Even a carefully crafted compensation plan won't be effective if the design rollout is not backed up by appropriate sales goals and adequate time to communicate the plan to the sales force. "That increases the risk that something could go wrong," said Shawn Rossi, a partner with consulting firm Mercer based in Atlanta.
And sometimes, sales compensation managers are not doing enough to reward and motivate the sales force. Make sure to "take an open-ended approach and try to reward every dollar brought in," urged Henning Schwinum, co-founder of Vendux, a fractional sales leadership company based in Kansas City, Mo. "Otherwise, you risk having salespeople who are not selling as aggressively" as they should.
He also recommended that companies focus on what makes salespeople unique and find ways to reward that. "It's all about instant gratification with sales teams, who are competitive by nature, always looking for the next thing," Schwinum said.
'It's all about instant gratification with sales teams, who are competitive by nature, always looking for the next thing.'
— Henning Schwinum, co-founder of Vendux
"Rewarding them monthly or quarterly, instead of at the end of the year, is a way to keep them intrigued and engaged," he added.
Keep an eye on the appropriateness of sales goals and the mix of pay. Individual sales goals that are too high or plan designs that offer a low base pay/high variable pay mix can both lead to trouble. "With more money at risk, the greater the chance of aberrant behavior," Rossi said. "This is particularly true when sales is very transactional," such as in a retail or financial services environment, rather than focused on building long-term relationships.
One of the keys to making sure sales compensation is aligned with company strategy while also motivating the sales force is frequent monitoring. Depending on the type of business involved, the length of the sales cycle and the size of the sales pipeline, assessing the effectiveness of the sales compensation plan quarterly, or even monthly, can help make sure it stays on the right track.
In general, the shorter the sales cycle, the more frequent the compensation review cycle should be. By catching problems early—such as pay practices that create incentives for unethical sales practices—and addressing them quickly, flawed pay designs have less opportunity to damage sales force effectiveness, employee motivation or customer relationships.
While evaluating how well the sales organization is working, executives can also be on the lookout for any signs of problems. "Red flags include things like drops in performance, poor lead quality and a deeply unhappy sales team," Schwinum said.
Other data points to review include whether total compensation costs are aligned with sales targets. If costs are well above or well below target levels, that can indicate a problem. It is also important to determine if turnover is higher than expected—and, if so, what departing salespeople are telling the company during exit interviews.

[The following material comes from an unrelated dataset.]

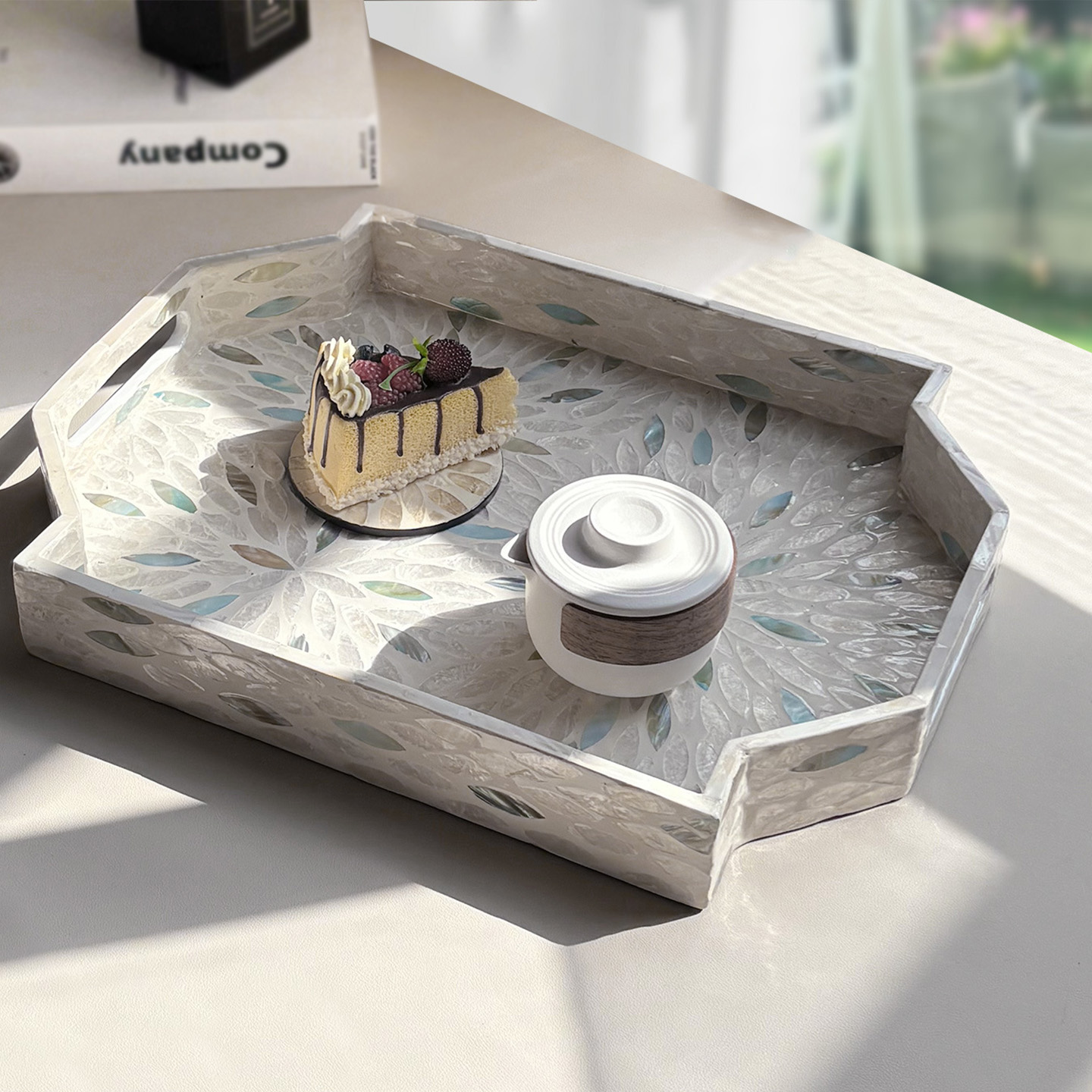 北欧isn轻奢风手工彩色贝壳托盘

[SHRM members-only toolkit: Designing Compensation Systems for Sales Professionals]
Ongoing monitoring requires technology. "The reports and dashboards in the customer relationship management system should be set up to identify which [sales] behaviors are ending in positive results and which ones aren't," Jones said. For example, reporting should be set up to monitor the "health" of each salesperson's pipeline in terms of current and long-term quota levels. When salespeople are not on target to meet a quota, they should understand the extent that they'll need to step up their game going forward—and, if possible, offered help to do so.
Jones also recommended that companies monitor outbound sales activities, including daily reviews of customer and prospect calls, e-mails, and scheduled meetings, as well as reviews of revenue versus goal data at least monthly.
"Each sales leader should have leading indicators to determine if each sales rep and the whole team are on track," she said. This can include the number of discovery appointments set each week, number of new deals added to the pipeline each month, average sales amount and close rate.
Watch the Big Picture
While sales compensation is an important driver of results, it is not always at the heart of disappointing sales force results. "It could be poor training, lack of motivation, a bad product; there are lots of reasons why sales reps may be missing quota," Jones said.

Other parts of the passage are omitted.